Extracted data Start Marker
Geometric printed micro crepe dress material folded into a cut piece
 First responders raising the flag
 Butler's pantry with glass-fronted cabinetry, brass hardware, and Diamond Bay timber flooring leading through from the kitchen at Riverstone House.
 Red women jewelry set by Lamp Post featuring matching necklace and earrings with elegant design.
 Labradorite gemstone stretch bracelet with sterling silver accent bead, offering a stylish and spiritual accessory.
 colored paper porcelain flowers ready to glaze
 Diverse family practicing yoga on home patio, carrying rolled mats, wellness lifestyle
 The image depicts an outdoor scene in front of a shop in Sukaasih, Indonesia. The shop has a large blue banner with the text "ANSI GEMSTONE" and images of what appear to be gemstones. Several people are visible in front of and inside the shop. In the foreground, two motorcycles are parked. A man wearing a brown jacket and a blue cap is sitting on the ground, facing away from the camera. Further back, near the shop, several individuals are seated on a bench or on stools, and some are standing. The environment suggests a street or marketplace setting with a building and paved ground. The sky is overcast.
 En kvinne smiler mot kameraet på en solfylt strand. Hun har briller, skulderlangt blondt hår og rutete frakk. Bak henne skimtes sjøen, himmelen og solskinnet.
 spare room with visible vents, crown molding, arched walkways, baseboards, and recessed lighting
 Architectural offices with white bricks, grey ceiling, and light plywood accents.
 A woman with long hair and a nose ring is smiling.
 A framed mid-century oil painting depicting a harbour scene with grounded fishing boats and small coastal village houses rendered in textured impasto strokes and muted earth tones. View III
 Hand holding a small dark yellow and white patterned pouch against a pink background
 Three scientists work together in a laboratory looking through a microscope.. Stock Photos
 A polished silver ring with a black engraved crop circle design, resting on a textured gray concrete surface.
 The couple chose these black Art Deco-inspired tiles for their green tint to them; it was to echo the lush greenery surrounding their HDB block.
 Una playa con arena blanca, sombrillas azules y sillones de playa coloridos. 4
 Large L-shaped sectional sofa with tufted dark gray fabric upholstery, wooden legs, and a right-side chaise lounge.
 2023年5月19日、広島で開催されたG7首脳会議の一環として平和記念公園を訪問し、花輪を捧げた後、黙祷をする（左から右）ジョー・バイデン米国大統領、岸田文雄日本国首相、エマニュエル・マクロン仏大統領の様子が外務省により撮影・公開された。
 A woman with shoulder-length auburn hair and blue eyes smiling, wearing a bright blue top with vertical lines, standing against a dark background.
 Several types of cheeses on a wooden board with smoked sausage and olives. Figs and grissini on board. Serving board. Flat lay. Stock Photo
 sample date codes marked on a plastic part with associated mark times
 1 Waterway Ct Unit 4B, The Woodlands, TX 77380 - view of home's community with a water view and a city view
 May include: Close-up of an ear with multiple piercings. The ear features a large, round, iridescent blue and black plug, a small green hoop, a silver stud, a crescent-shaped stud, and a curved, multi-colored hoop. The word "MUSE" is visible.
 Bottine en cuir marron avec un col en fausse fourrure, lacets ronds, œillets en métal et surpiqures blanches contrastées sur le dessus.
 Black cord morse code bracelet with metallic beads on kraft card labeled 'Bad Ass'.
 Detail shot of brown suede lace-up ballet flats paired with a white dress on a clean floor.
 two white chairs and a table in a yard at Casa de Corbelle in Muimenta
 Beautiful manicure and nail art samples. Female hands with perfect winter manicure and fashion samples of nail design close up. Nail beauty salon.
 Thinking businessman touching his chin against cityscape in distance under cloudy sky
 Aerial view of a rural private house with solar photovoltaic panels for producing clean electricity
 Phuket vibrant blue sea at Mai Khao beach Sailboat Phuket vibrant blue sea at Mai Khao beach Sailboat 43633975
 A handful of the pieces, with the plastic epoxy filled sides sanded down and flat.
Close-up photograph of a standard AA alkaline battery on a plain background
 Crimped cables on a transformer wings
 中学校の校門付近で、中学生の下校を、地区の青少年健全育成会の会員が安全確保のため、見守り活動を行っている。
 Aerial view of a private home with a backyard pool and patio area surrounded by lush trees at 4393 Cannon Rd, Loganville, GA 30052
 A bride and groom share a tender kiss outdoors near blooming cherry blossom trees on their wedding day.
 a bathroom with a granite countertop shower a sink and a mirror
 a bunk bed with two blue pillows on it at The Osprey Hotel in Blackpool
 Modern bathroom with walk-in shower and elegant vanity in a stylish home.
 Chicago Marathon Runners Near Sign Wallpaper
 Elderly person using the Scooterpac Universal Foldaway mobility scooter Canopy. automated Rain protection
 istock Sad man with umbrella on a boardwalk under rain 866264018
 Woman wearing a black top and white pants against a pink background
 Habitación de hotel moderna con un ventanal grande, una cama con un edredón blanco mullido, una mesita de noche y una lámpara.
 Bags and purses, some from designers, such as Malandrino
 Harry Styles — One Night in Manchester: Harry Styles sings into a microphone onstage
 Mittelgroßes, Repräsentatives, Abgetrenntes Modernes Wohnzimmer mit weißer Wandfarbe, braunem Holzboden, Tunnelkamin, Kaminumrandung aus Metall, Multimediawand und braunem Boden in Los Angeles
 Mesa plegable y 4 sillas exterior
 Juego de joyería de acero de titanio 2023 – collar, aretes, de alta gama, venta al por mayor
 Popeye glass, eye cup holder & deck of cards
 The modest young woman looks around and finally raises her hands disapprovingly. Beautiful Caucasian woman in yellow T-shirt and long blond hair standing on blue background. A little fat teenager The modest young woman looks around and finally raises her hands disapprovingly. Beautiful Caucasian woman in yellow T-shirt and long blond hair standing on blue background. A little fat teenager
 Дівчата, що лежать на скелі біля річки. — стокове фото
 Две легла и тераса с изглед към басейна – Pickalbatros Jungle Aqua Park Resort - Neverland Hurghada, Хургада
Extracted data End Marker
### What you have to do:
Please print exactly the lines from the one containing "istock Sad man" through the last line of the material.

### Completed exercise:
 istock Sad man with umbrella on a boardwalk under rain 866264018
 Woman wearing a black top and white pants against a pink background
 Habitación de hotel moderna con un ventanal grande, una cama con un edredón blanco mullido, una mesita de noche y una lámpara.
 Bags and purses, some from designers, such as Malandrino
 Harry Styles — One Night in Manchester: Harry Styles sings into a microphone onstage
 Mittelgroßes, Repräsentatives, Abgetrenntes Modernes Wohnzimmer mit weißer Wandfarbe, braunem Holzboden, Tunnelkamin, Kaminumrandung aus Metall, Multimediawand und braunem Boden in Los Angeles
 Mesa plegable y 4 sillas exterior
 Juego de joyería de acero de titanio 2023 – collar, aretes, de alta gama, venta al por mayor
 Popeye glass, eye cup holder & deck of cards
 The modest young woman looks around and finally raises her hands disapprovingly. Beautiful Caucasian woman in yellow T-shirt and long blond hair standing on blue background. A little fat teenager The modest young woman looks around and finally raises her hands disapprovingly. Beautiful Caucasian woman in yellow T-shirt and long blond hair standing on blue background. A little fat teenager
 Дівчата, що лежать на скелі біля річки. — стокове фото
 Две легла и тераса с изглед към басейна – Pickalbatros Jungle Aqua Park Resort - Neverland Hurghada, Хургада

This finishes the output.